*What needs to be done*: This task calls for every entry below to be repeated exactly, without the pictures.

== Segment start ==

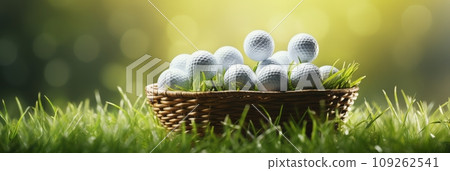 Golf balls in a basket close-up 109262541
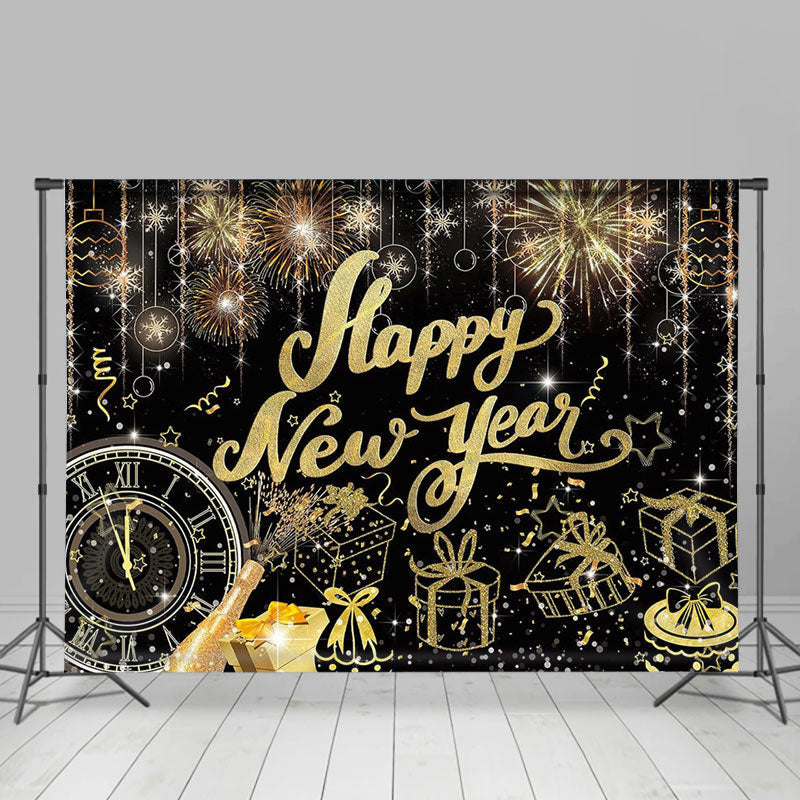 Aperturee - Gold Line Clock Gift Glitter Black New Year Backdrop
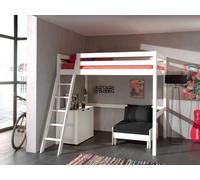 Vipack Pino Lit Mezzanine 140x200 + Commode 2 Portes + Lit Transformable En Fauteuil Blanc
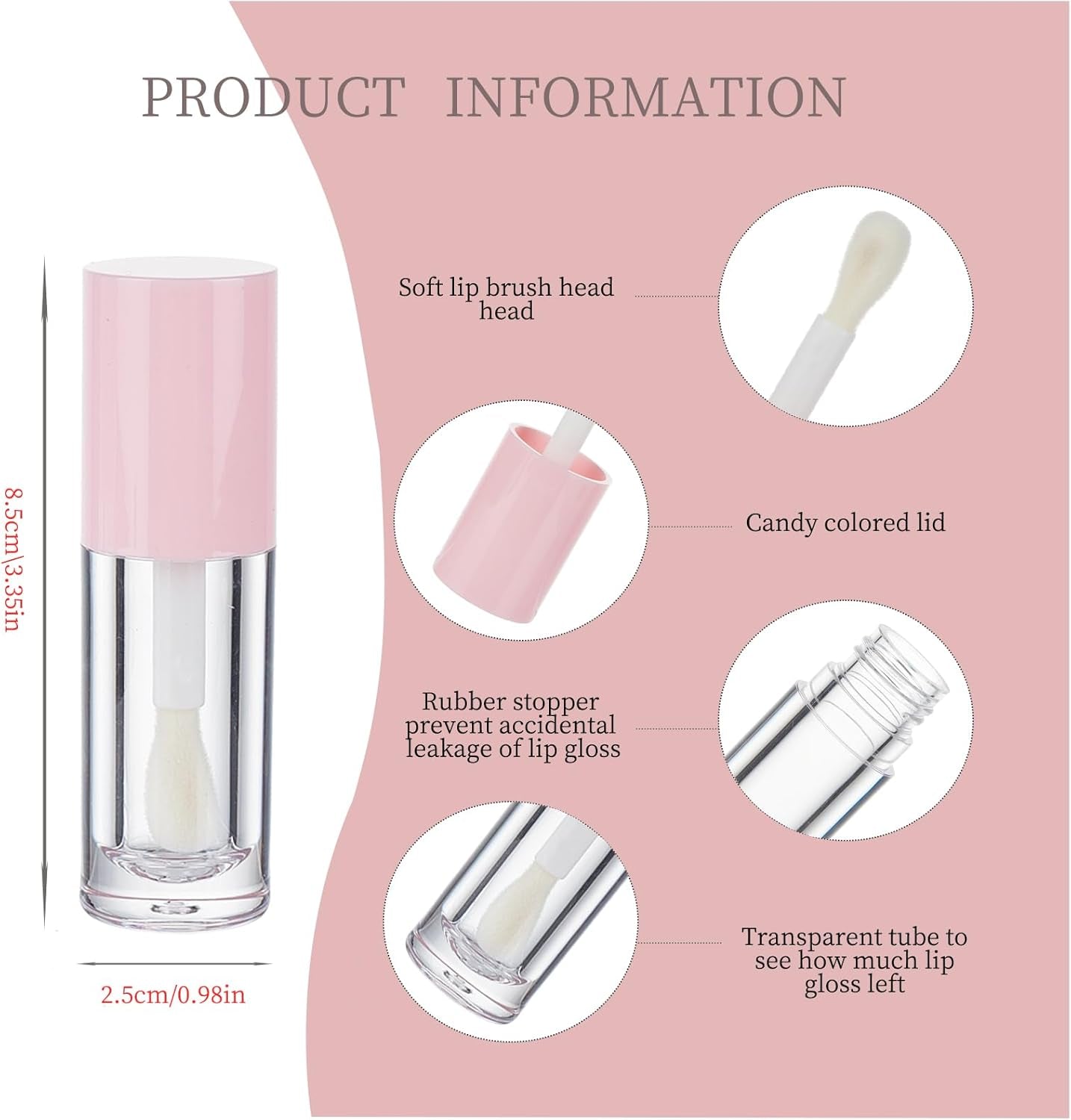 4 PACK Empty Lip Gloss Tubes, 6ML Clear Lip Gloss Containers with Injector, Mini Reusable Lip Balm Tube Dispense Container for DIY Lipgloss Lipstick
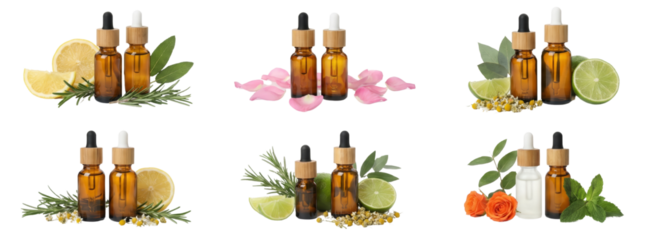 Natural Essential Oils Bottles with Citrus, Herbs, and Rose Petals on White Background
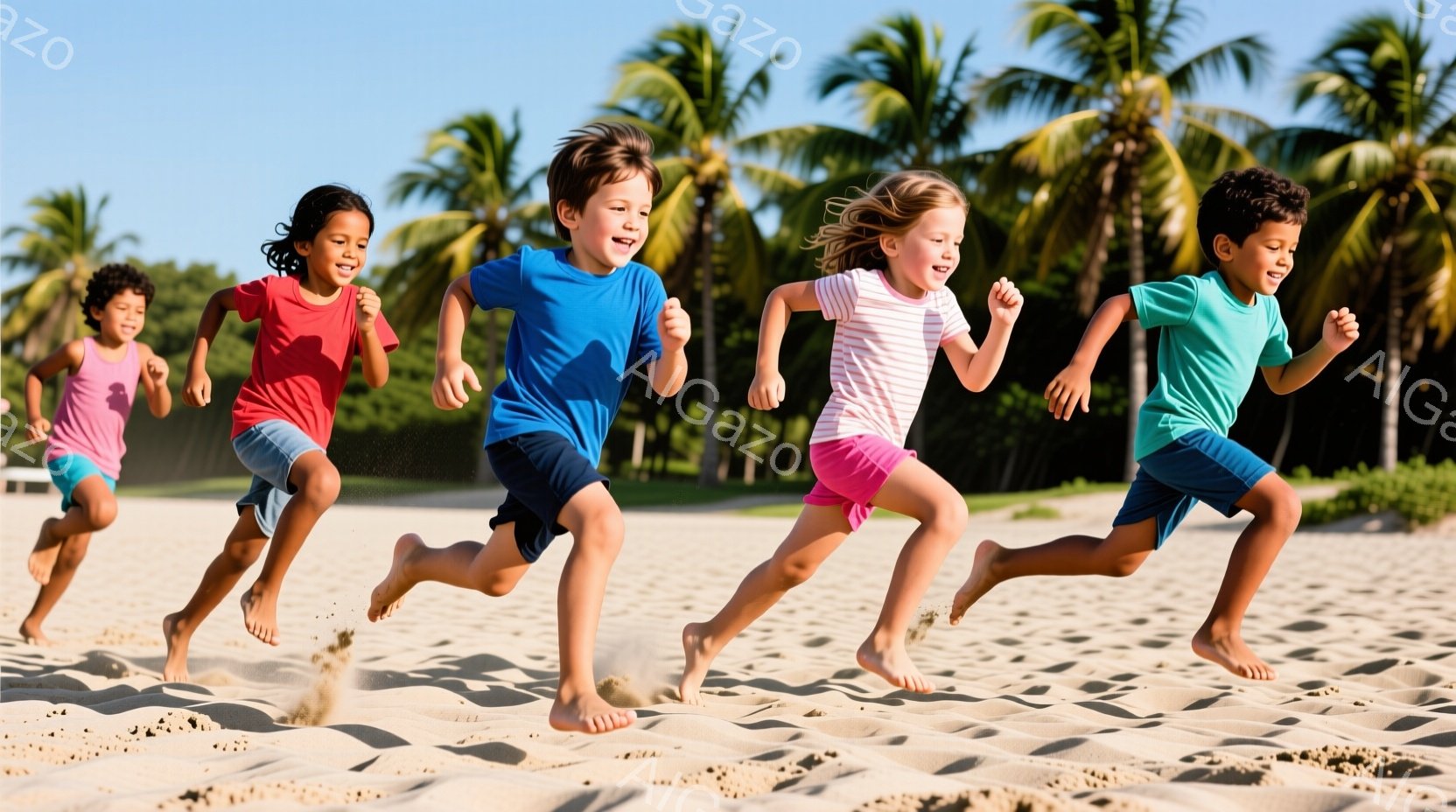 砂浜を四人の子供たちが裸足で走っている様子が写っている。彼らはそれぞれ赤いシャツ、青いシャツ、ピンクと白の縞模様のシャツ、そしてターコイズブルーのシャツを着ており、皆笑顔で楽しんでいる。背景にはヤシの - AI生成フリー素材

== Segment end ==

*Exercise result*:
 Golf balls in a basket close-up 109262541
 Aperturee - Gold Line Clock Gift Glitter Black New Year Backdrop
 Vipack Pino Lit Mezzanine 140x200 + Commode 2 Portes + Lit Transformable En Fauteuil Blanc
 4 PACK Empty Lip Gloss Tubes, 6ML Clear Lip Gloss Containers with Injector, Mini Reusable Lip Balm Tube Dispense Container for DIY Lipgloss Lipstick
 Natural Essential Oils Bottles with Citrus, Herbs, and Rose Petals on White Background
 砂浜を四人の子供たちが裸足で走っている様子が写っている。彼らはそれぞれ赤いシャツ、青いシャツ、ピンクと白の縞模様のシャツ、そしてターコイズブルーのシャツを着ており、皆笑顔で楽しんでいる。背景にはヤシの - AI生成フリー素材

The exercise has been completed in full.